Courtyard in Palais de Bahia. Enlarge image
Tiled ceiling in Palais de Bahia. Enlarge image
After this culturally stimulating activity (ok, bit boring) our baser instincts overtook us, and we went out to look for alcohol. The quest led us to the outskirts of town where the expensive hotels are found. A place called Jad Mahal was recommended in a newspaper article Ol had brought along, and the description therein led us to believe that they served booze. However, we'd arrived too early, so again found ourselves walking along Mohamed 5 into the Ville Nouvelle. After investigating some car hire prices for the following day we at last found the Atlas Café, one of the few and precious licenced establishments.

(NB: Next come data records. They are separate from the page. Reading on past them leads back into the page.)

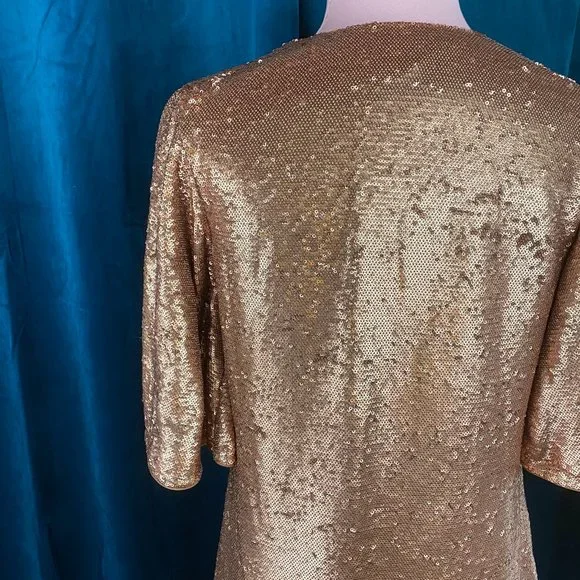 The Jetset Diaries Rising Sun Sequin Dress - Picture 10 of 10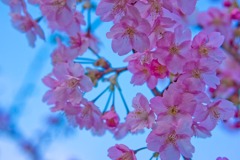 今年初桜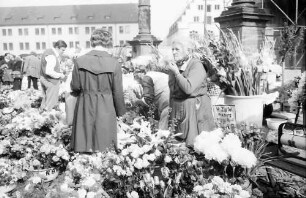 Freiburg: Markt, Blumenstände vor dem Münster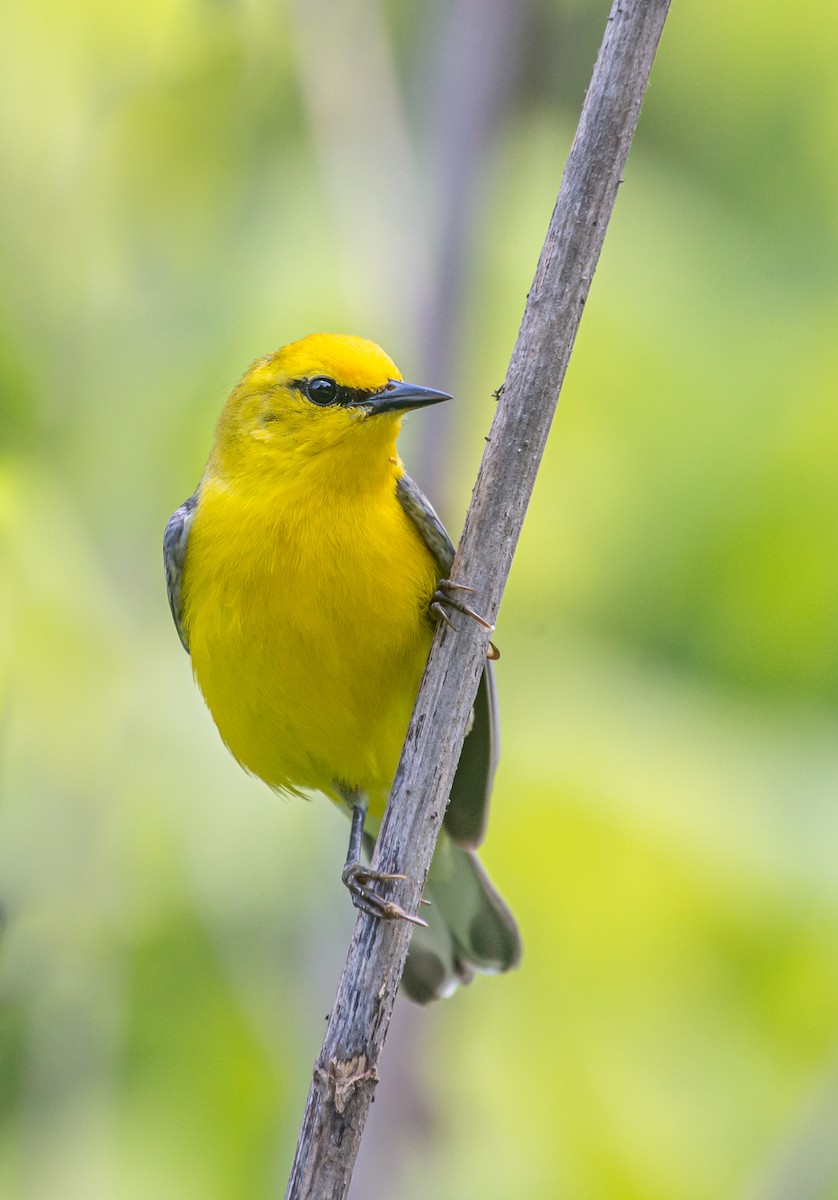 Blue-winged Warbler - ML569474641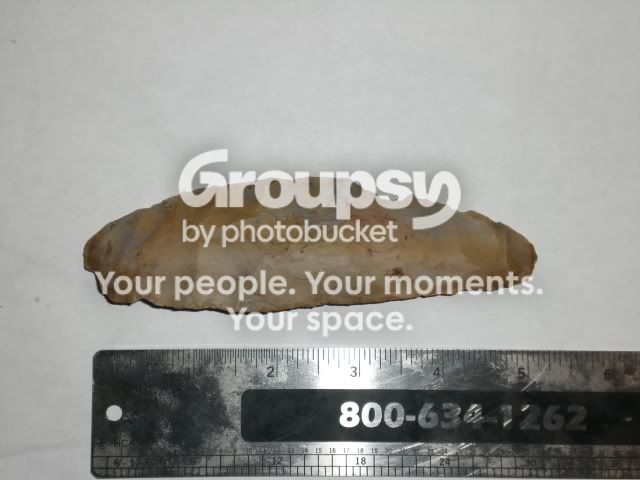 CIMG5096.jpg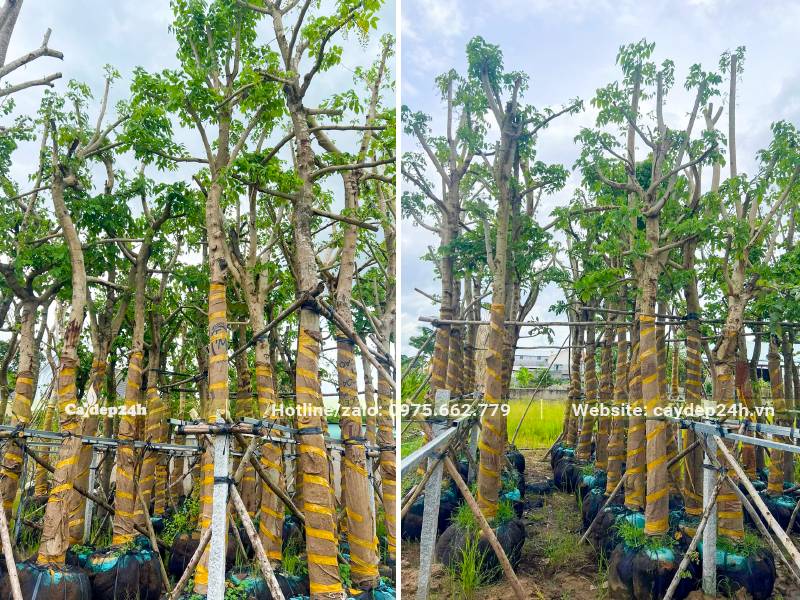 Vườn dâm ủ cây hoa Muồng Hoàng Yến cổ thụ đã bọc sẵn bầu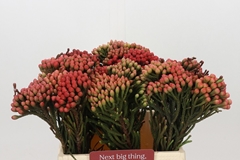 Brunia Laevis Red 40cm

We had to sit inside the café to drink alcohol. The place was cramped and smoky, full of merry Moroccans who kept all their empty bottles on the table, maybe as a tally, maybe as a symbol. We had a couple of the small (25cl) bottles of the locally brewed Flag lager (good!) which took a long time due to the speed of the table service. After the beers we returned to the incongruously plush Jad Mahal. The pre-dinner cocktails each cost more than a night's accommodation in our hotel. The service was extremely attentive and good looking, and the olives superb. We moved to another table to eat. Dinner, which was fantastic, was accompanied by a couple of bottles of good Moroccan red wine and an occasional belly dancer. After a day of much walking on the streets of Marrakesh, the tipsy taxi ride back to Djemaa El-Fna was much appreciated.